Sun Java System Calendar Server has been completely rewritten in version 7 to support CalDAV, the calendar access protocol standard. For a description of features and functionality, see What's New in Calendar Server 7. (Link not yet public.) For an overview of the differences between Calendar Server 6 and Calendar Server 7, see Calendar Server 6 and Calendar Server 7 Comparison and Coexistence.
The following figure represents the software architecture of Calendar Server 7.
The Calendar Server deployment provides the repository for calendar and address book data, and also acts as a file storage. The main interface with the repository is the CalDAV protocol, which is based on HTTP. DAV clients can be running on end-user computers or on mobile devices, including:
- Thunderbird + Lightning extension (CalDAV)
- Apple iCal (CalDAV)
- Windows Explorer or Apple Finder (WebDAV)
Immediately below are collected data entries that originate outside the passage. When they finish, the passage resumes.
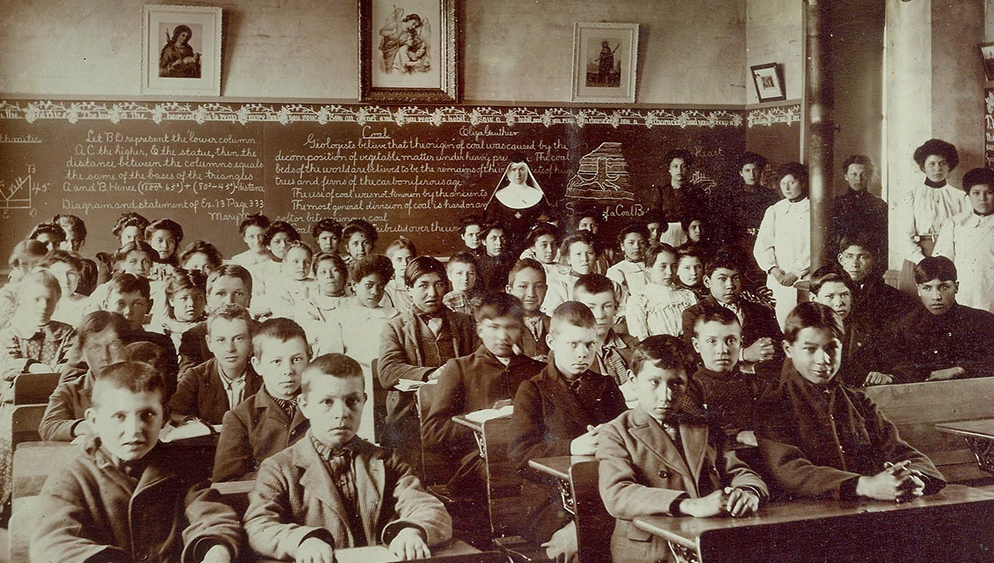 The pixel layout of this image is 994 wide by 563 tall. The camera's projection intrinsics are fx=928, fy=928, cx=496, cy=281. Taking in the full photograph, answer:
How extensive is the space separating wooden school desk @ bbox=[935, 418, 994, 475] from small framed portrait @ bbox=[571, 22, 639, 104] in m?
1.92

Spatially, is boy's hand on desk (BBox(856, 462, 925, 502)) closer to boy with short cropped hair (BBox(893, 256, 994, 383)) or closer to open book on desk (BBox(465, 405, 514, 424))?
→ boy with short cropped hair (BBox(893, 256, 994, 383))

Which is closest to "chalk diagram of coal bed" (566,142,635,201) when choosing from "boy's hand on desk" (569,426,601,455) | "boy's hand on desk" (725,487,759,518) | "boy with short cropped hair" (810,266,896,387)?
"boy with short cropped hair" (810,266,896,387)

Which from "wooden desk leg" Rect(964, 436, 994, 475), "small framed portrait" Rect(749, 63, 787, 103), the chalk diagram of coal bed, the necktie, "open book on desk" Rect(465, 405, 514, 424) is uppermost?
"small framed portrait" Rect(749, 63, 787, 103)

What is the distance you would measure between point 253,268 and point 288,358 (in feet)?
1.62

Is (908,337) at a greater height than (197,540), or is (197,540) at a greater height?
(908,337)

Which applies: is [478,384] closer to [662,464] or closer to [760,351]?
[662,464]

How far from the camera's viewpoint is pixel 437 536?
316cm

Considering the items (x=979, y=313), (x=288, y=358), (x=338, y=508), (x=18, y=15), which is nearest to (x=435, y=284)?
(x=288, y=358)

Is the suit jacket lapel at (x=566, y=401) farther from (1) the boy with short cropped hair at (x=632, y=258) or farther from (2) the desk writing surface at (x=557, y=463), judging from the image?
(1) the boy with short cropped hair at (x=632, y=258)

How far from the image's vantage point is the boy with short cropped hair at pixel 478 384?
138 inches

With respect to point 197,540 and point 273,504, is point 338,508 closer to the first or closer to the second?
point 273,504

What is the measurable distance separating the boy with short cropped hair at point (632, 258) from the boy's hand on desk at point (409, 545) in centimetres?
141

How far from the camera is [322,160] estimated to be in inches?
148

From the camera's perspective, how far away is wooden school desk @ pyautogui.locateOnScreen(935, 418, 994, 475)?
12.5 feet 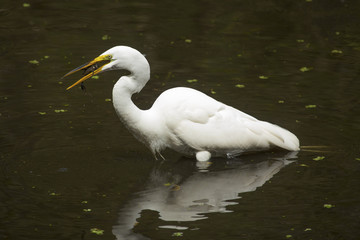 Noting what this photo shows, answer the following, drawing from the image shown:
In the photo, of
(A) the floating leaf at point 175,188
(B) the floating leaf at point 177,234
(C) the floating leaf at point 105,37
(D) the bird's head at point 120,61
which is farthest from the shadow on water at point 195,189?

The server also partially supports the legacy HTTP-based WCAP protocol for use by Convergence, Connector for Outlook, and Desktop Sync clients.
WCAP support, to enable support for clients such as Convergence and Connector for Outlook, is being planned for a future update.
The following figure shows the Calendar Server clients and components.
Calendar Server supports only a subset of the legacy WCAP protocol, with no guarantee of backward compatibility. Additionally, Calendar Server supports the server-to-server iSchedule protocol, which means that it can also act as a client. Additional HTTP-based services exposed by the server include:
- Simple free/busy service
- Administrative browse UI
Finally, Calendar Server offers a JMX based interface to query and alter the repository. This interface is primarily used by the davadmin command-line utility but can also be used by standard clients, such as Jconsole, and by custom JMX clients, either locally or remotely.
Data is organized within each Calendar Server repository by subject or by entity, that is, by LDAP user, resource, or group. Because the data can then further be organized by type of data, different data models can result, including the single repository model and the one repository per data-type model.
In the single repository model, each subject has one home collection (similar to UNIX home directory), which is the parent of all service-specific collections for that subject, including:
- Calendar collections
- Address book collections
- Generic file storage collections
For example, the following URLs represent a single repository for smith:
In the one repository per data-type model, each subject has one home collection per data type, for example:
- Calendar home collection
- Address book home collection
- Other collection
In that latter case, the different repositories can be distinguished by servers, for example:
Alternatively, the different repositories can be distinguished by name spaces, for example:
In its default configuration, the Calendar Server 7 actually consists of two different components:
- Stateless J2EE based front end
- MySQL back end
You can locate both components on the same host or separate the components onto multiple hosts.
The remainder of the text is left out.